- What is required: What you need to produce is the complete listing, repeated exactly.

- Dataset content:
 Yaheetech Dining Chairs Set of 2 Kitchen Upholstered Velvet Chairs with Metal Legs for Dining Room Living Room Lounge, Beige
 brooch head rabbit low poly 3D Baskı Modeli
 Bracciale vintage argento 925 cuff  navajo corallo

- Written solution:
 Yaheetech Dining Chairs Set of 2 Kitchen Upholstered Velvet Chairs with Metal Legs for Dining Room Living Room Lounge, Beige
 brooch head rabbit low poly 3D Baskı Modeli
 Bracciale vintage argento 925 cuff  navajo corallo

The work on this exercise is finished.